____ INPUT MATERIAL

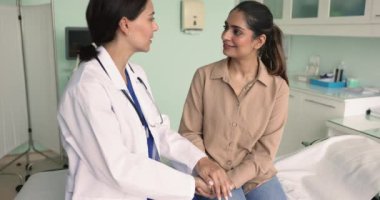 Üniformalı kadın cerrah genç hastaların ellerini tutarken klinikteki tedavi sürecinden bahsediyor, empati ve anlayış gösteriyor, cesaret verici sözler söylüyor, ameliyattan önce destek veriyor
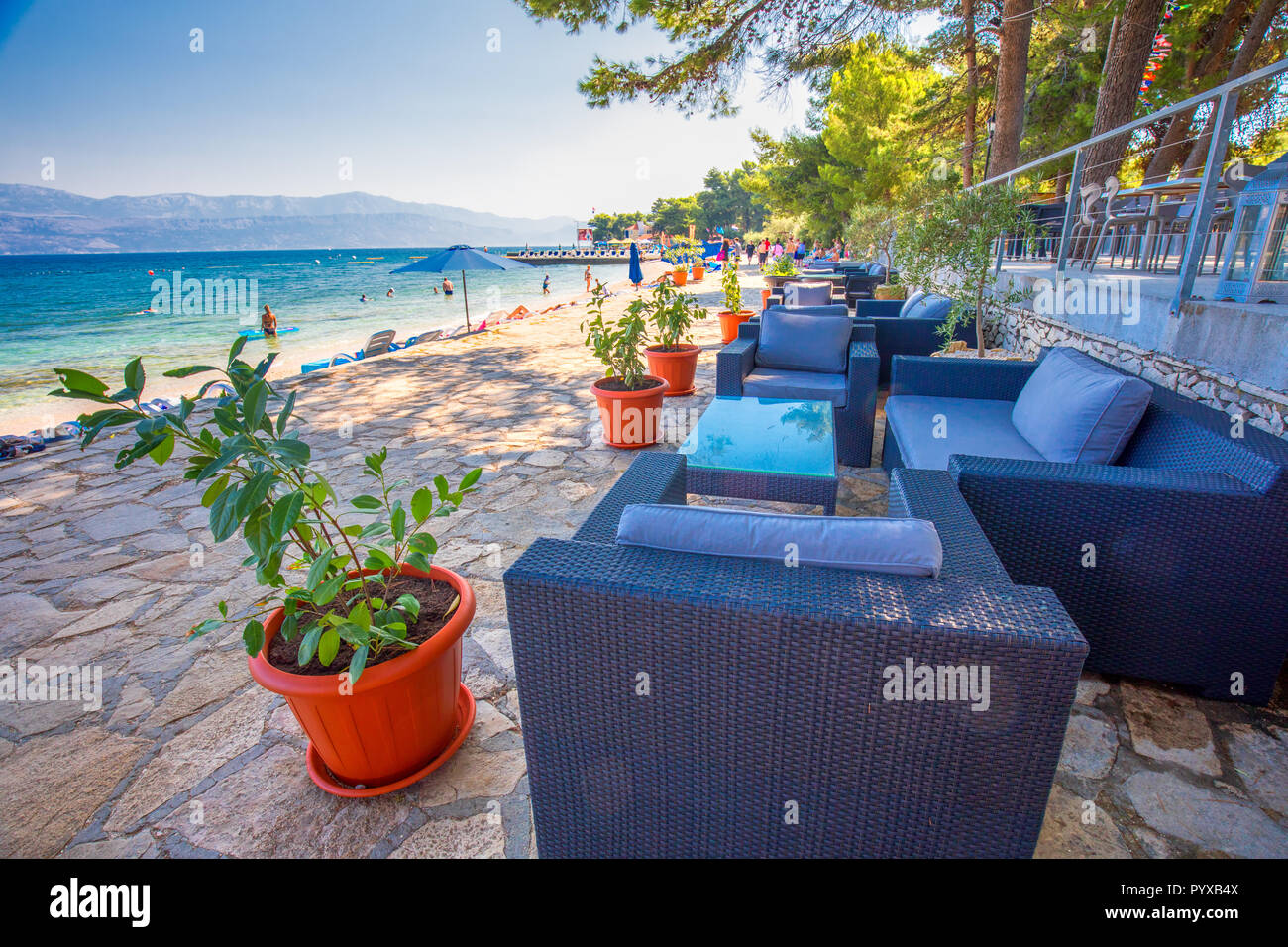 BRAC, CROATIA - August 6, 2018 - Seaside promenade on Brac island with palm trees and turquoise clear ocean water, Supetar, Brac, Croatia Stock Photo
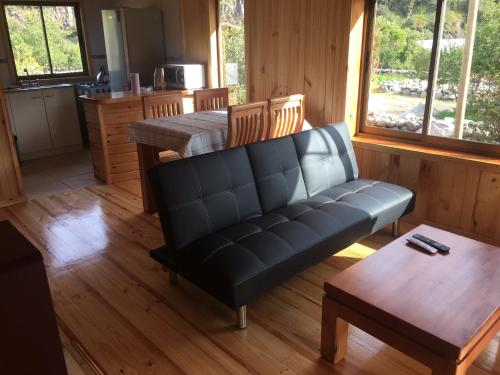 Los QueñesLos Quenes River Lodge的客厅配有沙发和桌子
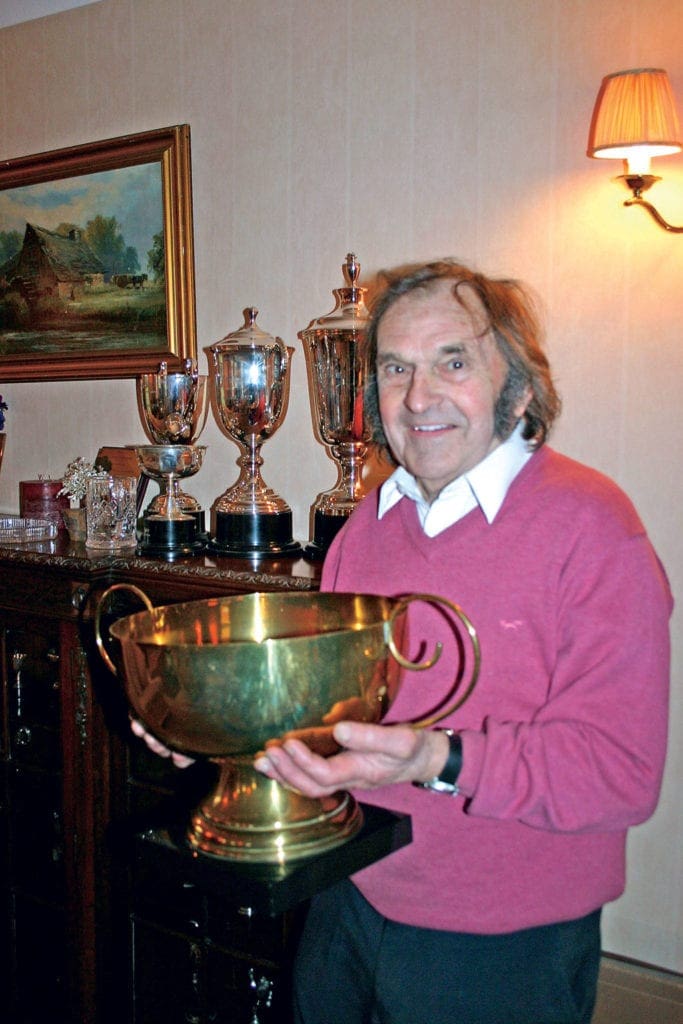 Percy Tait holding his trophy.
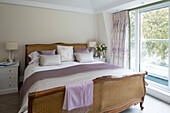 Wicker double bed at window of London home   England   UK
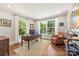 Bright home office with hardwood floors, large windows, and neutral paint, perfect for working from home at 2304 Commonwealth Ave, Charlotte, NC 28205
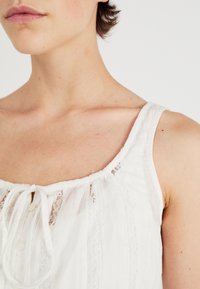 Witte mouwloze top van een zachte, gestructureerde stof. Voorzien van een kantafwerking, een delicate knoopsluiting en een trekkoord bij de hals.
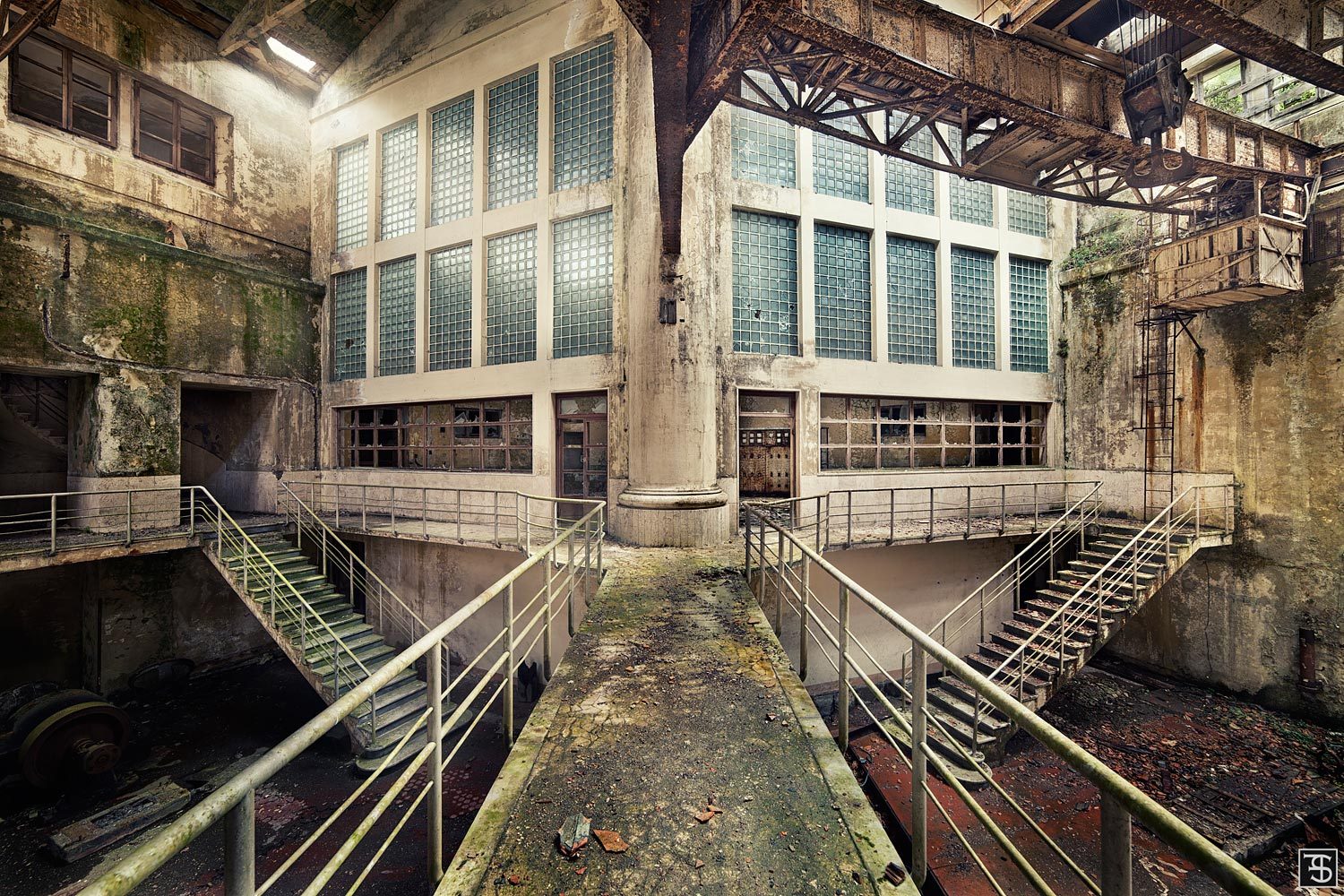 Symmetrical steel stairways in an abandoned hydroelectric plant in Italy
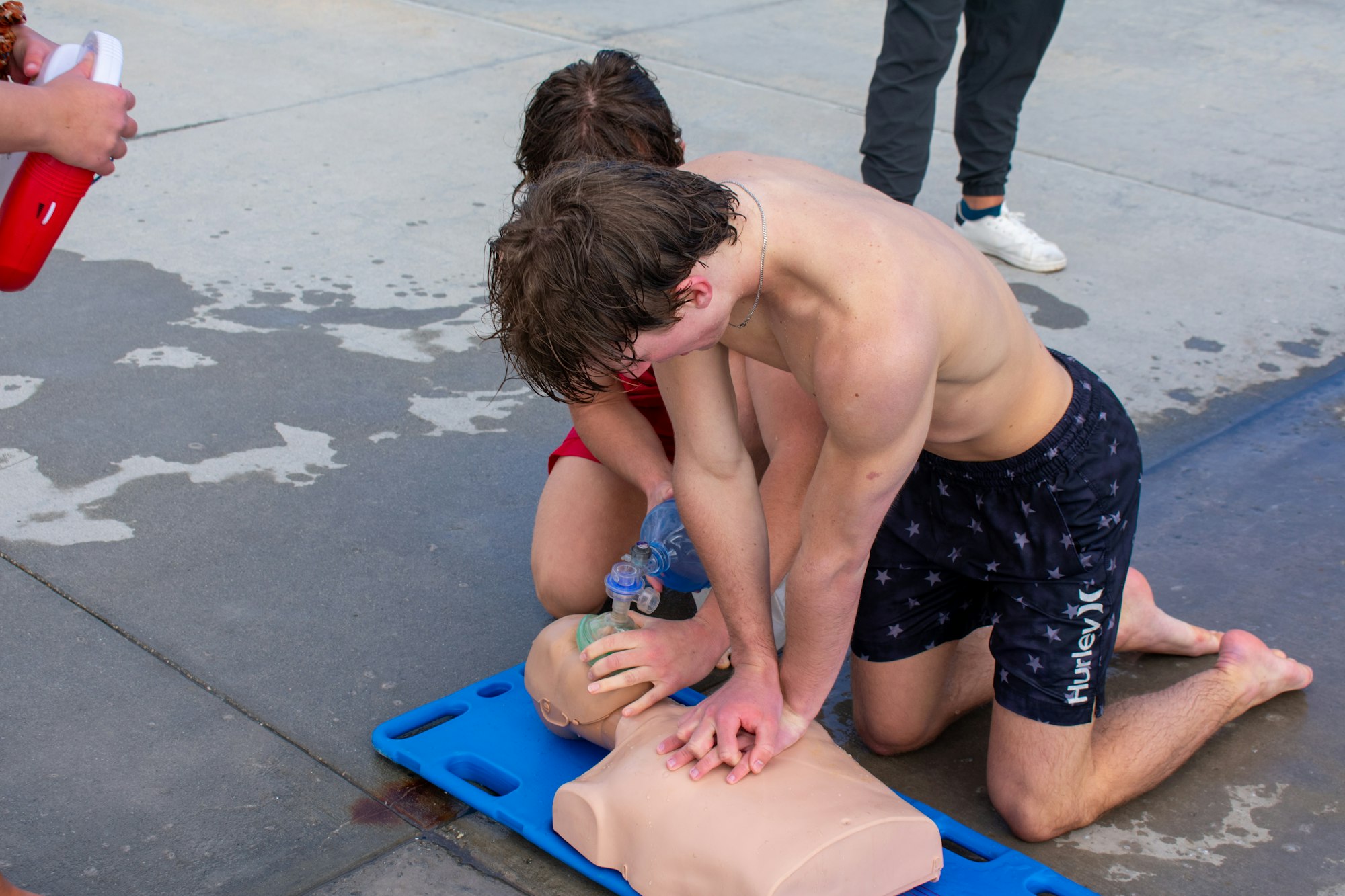 People practicing CPR on a dummy outdoors.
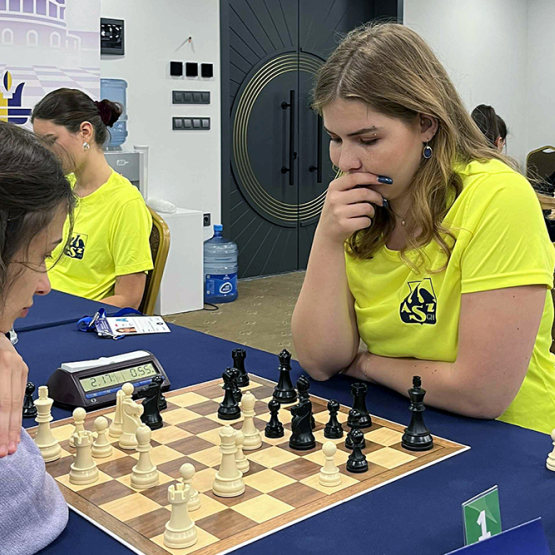 Kobieta przy stole z rozłożonymi szachami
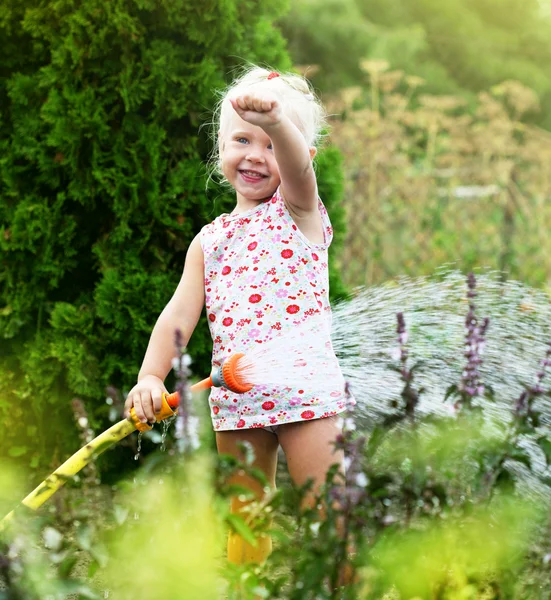 Egy kislány locsolja a füvet a kertben. — Stock Fotó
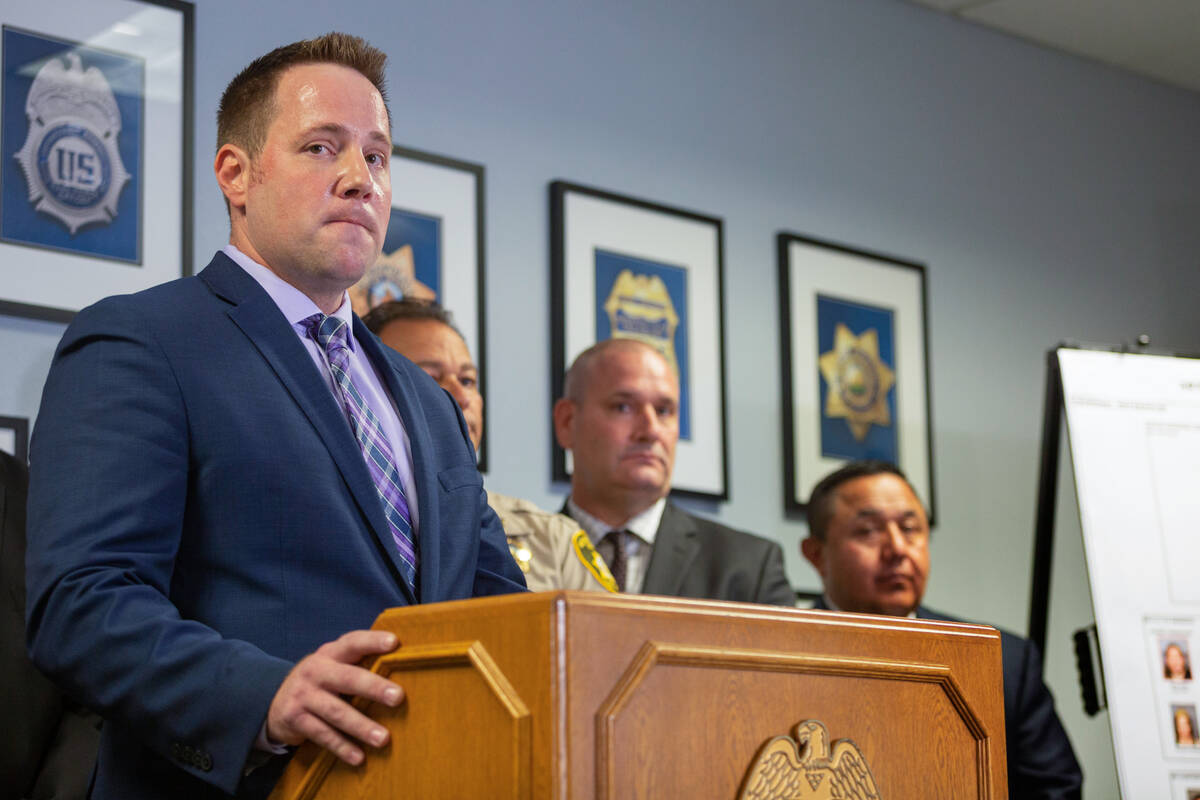 In this Review-Journal file photo, gang unit lieutenant Reggie Rader and other associated autho ...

________

* TASK *
The copy you produce must hold all the records above exactly and none of their pictures.

* EXPECTED ANSWER *
 Üniformalı kadın cerrah genç hastaların ellerini tutarken klinikteki tedavi sürecinden bahsediyor, empati ve anlayış gösteriyor, cesaret verici sözler söylüyor, ameliyattan önce destek veriyor
 BRAC, CROATIA - August 6, 2018 - Seaside promenade on Brac island with palm trees and turquoise clear ocean water, Supetar, Brac, Croatia Stock Photo
 Los QueñesLos Quenes River Lodge的客厅配有沙发和桌子
 Percy Tait holding his trophy.
 Wicker double bed at window of London home   England   UK
 Bright home office with hardwood floors, large windows, and neutral paint, perfect for working from home at 2304 Commonwealth Ave, Charlotte, NC 28205
 Witte mouwloze top van een zachte, gestructureerde stof. Voorzien van een kantafwerking, een delicate knoopsluiting en een trekkoord bij de hals.
 Symmetrical steel stairways in an abandoned hydroelectric plant in Italy
 People practicing CPR on a dummy outdoors.
 Kobieta przy stole z rozłożonymi szachami
 Egy kislány locsolja a füvet a kertben. — Stock Fotó
 In this Review-Journal file photo, gang unit lieutenant Reggie Rader and other associated autho ...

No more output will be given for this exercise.